Entrei
em seu quarto silencioso. Mobília espartana, com móveis envernizados na cor
canela. Beiradas arredondadas, sem puxadores. Uma cômoda comprida na parede
esquerda, um guarda-roupas baixo, de aproximadamente um metro e meio de altura,
só com gavetas. Na parede direita, a preciosidade: sua estante, sem vidros, sem
portas, livros expostos para estarem sempre à mão. Os grandes - um de capa azul
aço, com beiradas de páginas escorregando da brochura – ficam na frente. Atrás,
enfileirados pelo comprimento, os outros.
Fico
imaginando quanto ele os folheou, quanto daquele conteúdo todo foi filtrado pelo
seu talento e escorreu para dentro de seus contos, crônicas, romances.
Noto
que não existe televisão naquele pequeno quarto. Para quê? Só tiraria a
concentração de um gênio. E também, concluo, sua cabeça devia viver tão povoada
de ideias, pensamentos, que o aparelho seria supérfluo.
Sento
na cadeira que está junto à mesa redonda, com gavetas que se abrem sob o tampo.
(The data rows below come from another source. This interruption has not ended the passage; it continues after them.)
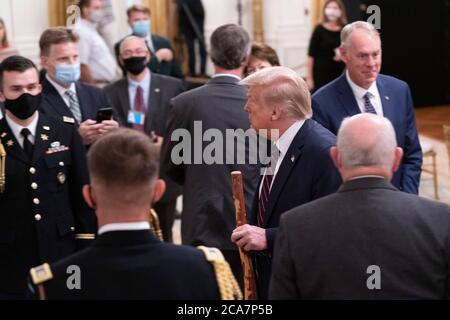 US-Präsident Donald J. Trump geht mit einem Spazierstock, der ihm von US-Senator Lamar Alexander (Republikaner von Tennessee) während einer Unterzeichnungszeremonie für H.R. 1957 - The Great American Outdoors Act im East Room des Weißen Hauses in Washington, DC, am Dienstag gegeben wurde, 4. August 2020.Quelle: Chris Kleponis/Pool via CNP - weltweite Nutzung Stockfoto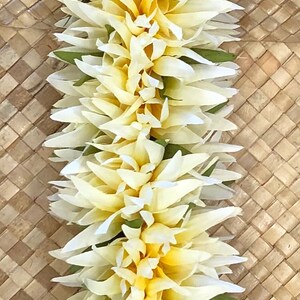 Puede incluir: Un lei vertical hecho de flores blancas y amarillas con acentos verdes. El lei se muestra sobre un fondo tejido de color marr&oacute;n claro. Las flores tienen un dise&ntilde;o de p&eacute;talos en capas.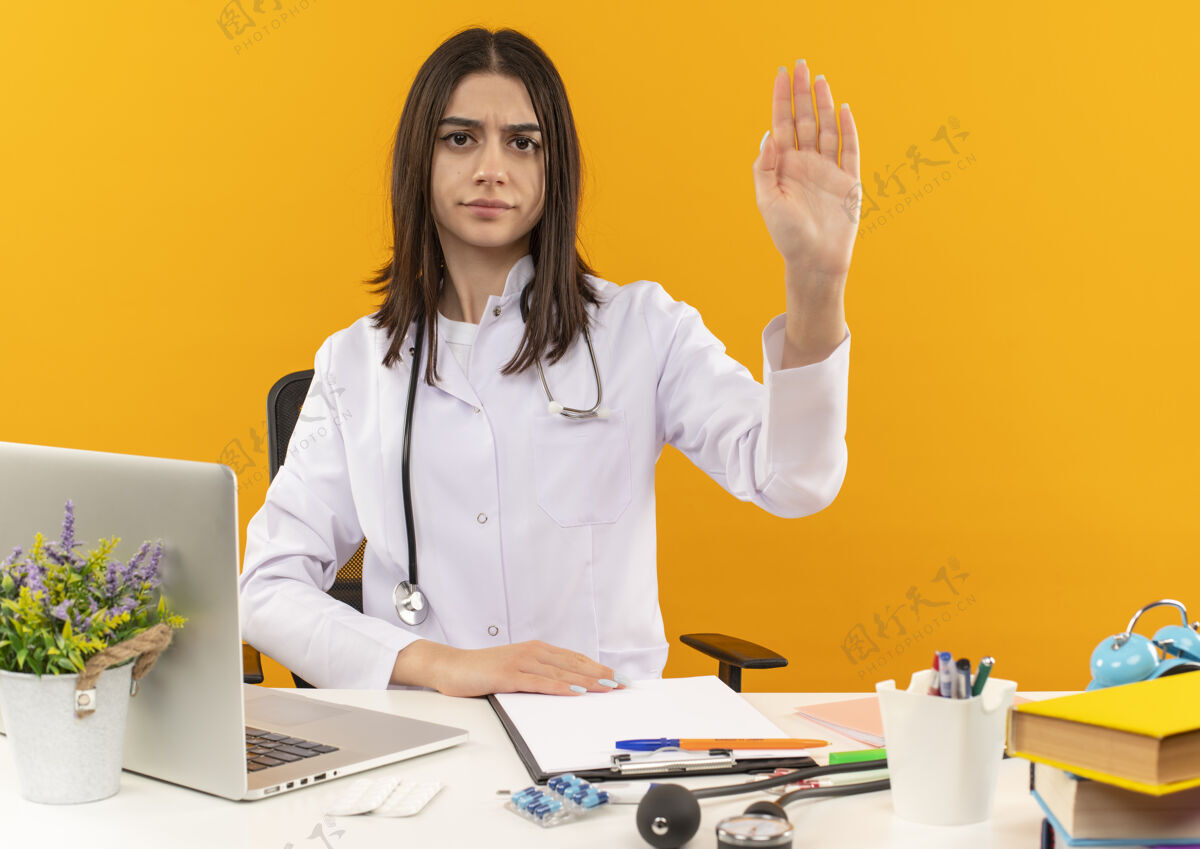 停止年轻的女医生穿着白大褂 手持听诊器 面带严肃的表情 手拿着笔记本电脑和文件坐在桌子旁 站在橙色的墙上 朝前面看坐着笔记本电脑外套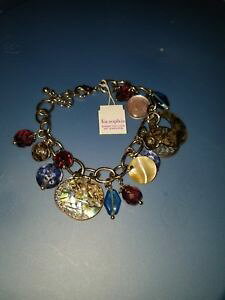 yzuXbg@ANZT?@ArwKXrv62CA\tBAwindsonglia sophia neptunewindsong genuine abalone wglass beads charm bracelet rv62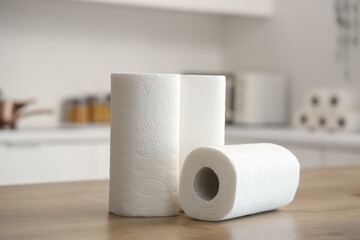 Rolls of paper towels on table in kitchen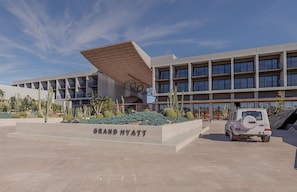A Grand Hyatt hotel with a modern architectural design, featuring a prominent entrance with a unique roof structure and a spacious courtyard with cacti and landscaping.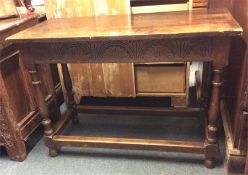 A small oak carved refectory table with stretcher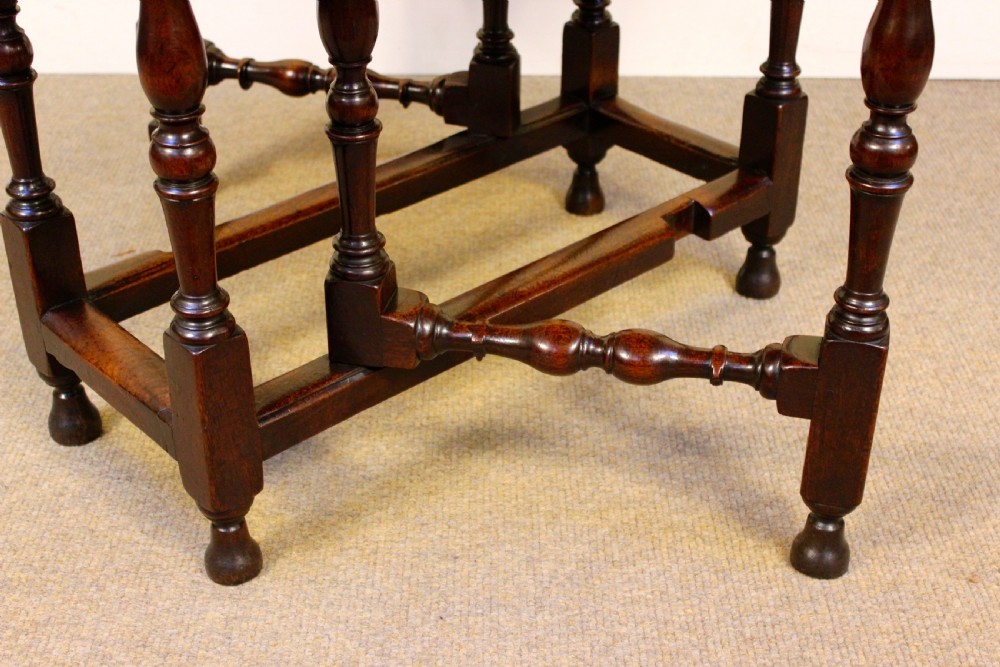 An early eighteenth-century walnut gate leg table featuring baluster-turned legs, a stretcher base, a single drawer, and two drop leaves. View IV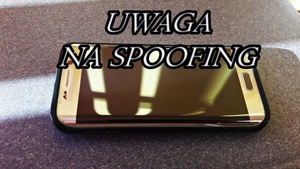 smartfon i naniesiony napis Uwaga na spoofing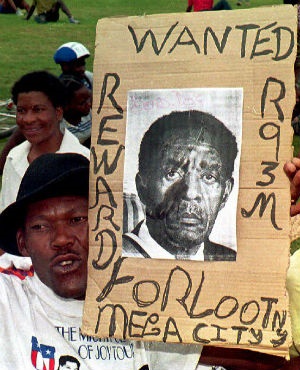 An ANC supporter holds an anti-Lucas Mangope poster and a mannequin leg at a rally in Mmabatho 13 March 1995. (File, AFP) 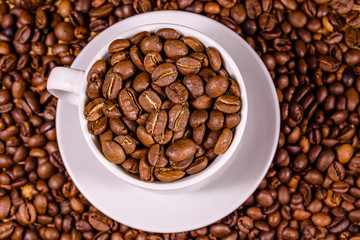 White cup filled with coffee beans on wooden table. Top view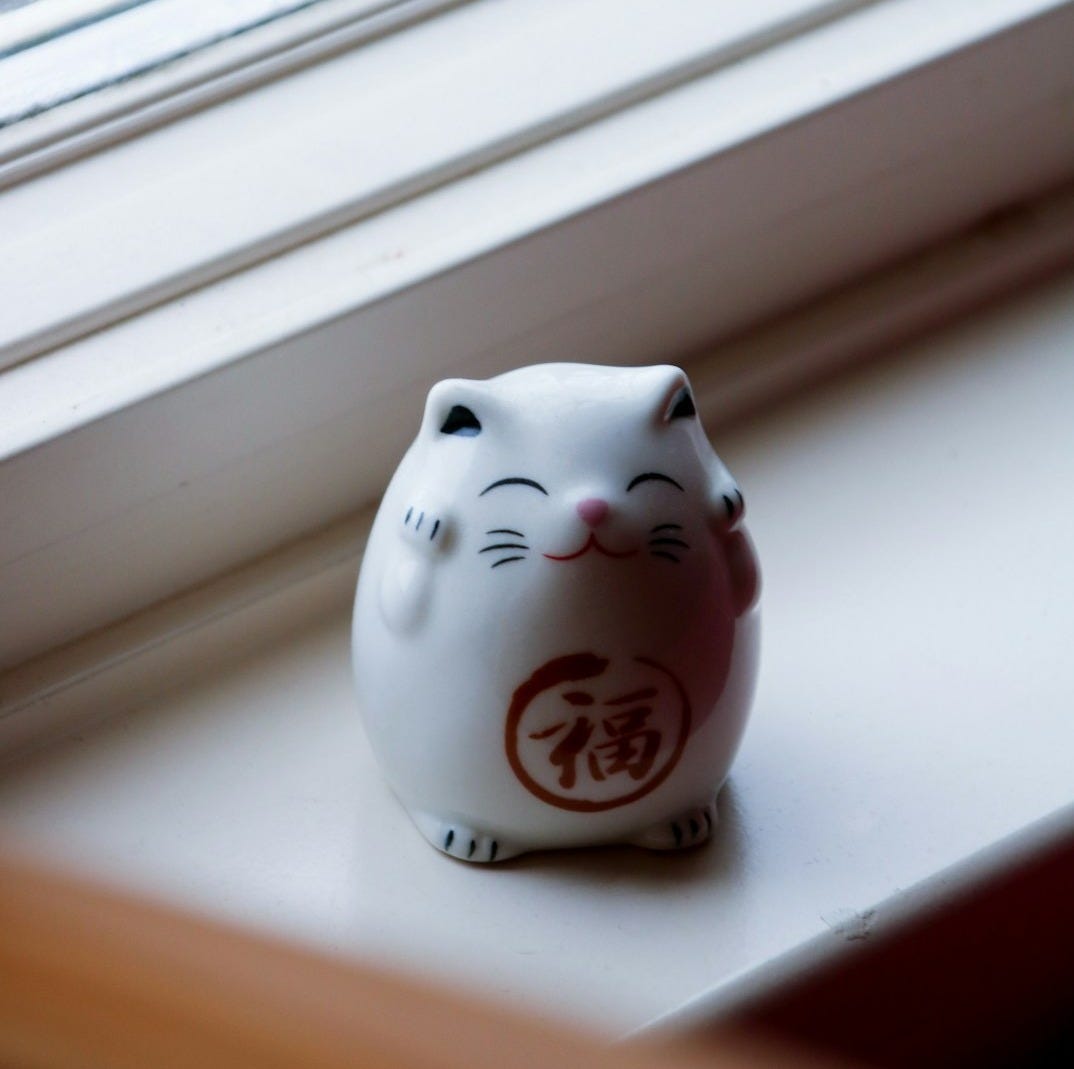white and red ceramic cat figurine white and red ceramic cat figurine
Em uma delas, encontro um lápis de pedreiro, azul marinho, apontado a estilete,
irregularmente. Seguro-o entre meus dedos. Para que serviria um lápis de
pedreiro a um escritor? E olhe que ele está gasto, quase um toco.
Passo
de leve, em reverência, minha mão sobre os objetos da gaveta. Pertenceram a ele
e agora estão ali, inertes, inúteis. Terei coragem, algum dia, agora que tudo
aquilo me pertence, de macular esse santuário? De usar aquela mesa-escrivaninha
para apoiar meu notebook e escrever
meus próprios contos?
Na
dúvida, saio do lugar.
Lá
fora, está um dia meio nublado, de temperatura agradável.
Muita
gente já chegou. Hoje será a inauguração da ‘casa nova’, que ainda está em meio
à reforma.
No
galpão que foi construído ao lado da churrasqueira, nada pôde ser colocado,
porque o pedreiro, com sua natural lerdeza, não concluiu o piso, que ainda está
só na fase do pedregulho e areia. Esbarro em meu pai, que acabou de chegar, mas
continuo a olhar fixamente para o chão, e daí, para o telhado rústico. Cadê as
rosas do Caio que enfeitavam aquele pedaço do quintal? Aquele telhado impediria
a passagem do sol, não permitindo que elas crescessem viçosas, como ele
gostava. Caio tinha um roseiral, bem ali, onde será o galpão. Eu preferia as
rosas; não gosto de churrasco.
Caminho
alguns passos e posso entrever, pelo vão da porta, o espaço da cozinha da
churrasqueira atulhado de gente que bebe e ri, ri muito. Um alvoroço.
Topo
com o companheiro de Caio, à época de sua morte. Seu rosto me é tão familiar!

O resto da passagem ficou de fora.